ISON is a clearly visible comet with a long tail in the image which was carefully weaved together by layering five images from the Hubble telescope taken on April 30.
All five images were captured by Hubble's Wide Field Camera 3 UVIS instrument, researchers said. Three exposures were made with a filter that transmits yellow and green light (represented as blue in the image), while two used a filter that lets in red and some near-infrared light.
"The result is part science, part art," Josh Sokol of the Space Telescope Science Institute in Baltimore, Md., which operates Hubble, wrote in a blog post last week. "It's a simulation of what our eyes, with their ability to dynamically adjust to brighter and fainter objects, would see if we could look up at the heavens with the resolution of Hubble."

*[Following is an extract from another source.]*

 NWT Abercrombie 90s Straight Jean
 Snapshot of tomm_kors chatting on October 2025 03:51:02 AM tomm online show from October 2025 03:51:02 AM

Comet ISON is currently gliding towards a close encounter with the sun on Nov. 28, when it will skim just 724,000 miles (1.16 million kilometers) above the solar surface. When it nears the sun, comet ISON may actually shine brighter than the sun, scientists predict.
"Comet ISON is a sungrazer," explains Karl Battams of the Naval Research Lab. "The orbit of the comet will bring it very close to the sun, which we know can be a spectacular thing."
Russian astronomers Vitali Nevski and Artyom Novichonok found the comet in Sept. 2012. It bears the name of their night-sky survey program, the International Scientific Optical Network.
Some media outlets have started calling ISON the "Comet of the Century," but Don Yeomans of NASA Near-Earth Object Program thinks that's premature.
"I'm old enough to remember the last 'Comet of the Century'," he says. In 1973, a distant comet named Kohoutek looked like it would put on a great show, much like ISON. The actual apparition was such a let-down that Johnny Carson made jokes about it on the Tonight Show. "It fizzled," says Yeomans. "Comets are notoriously unpredictable."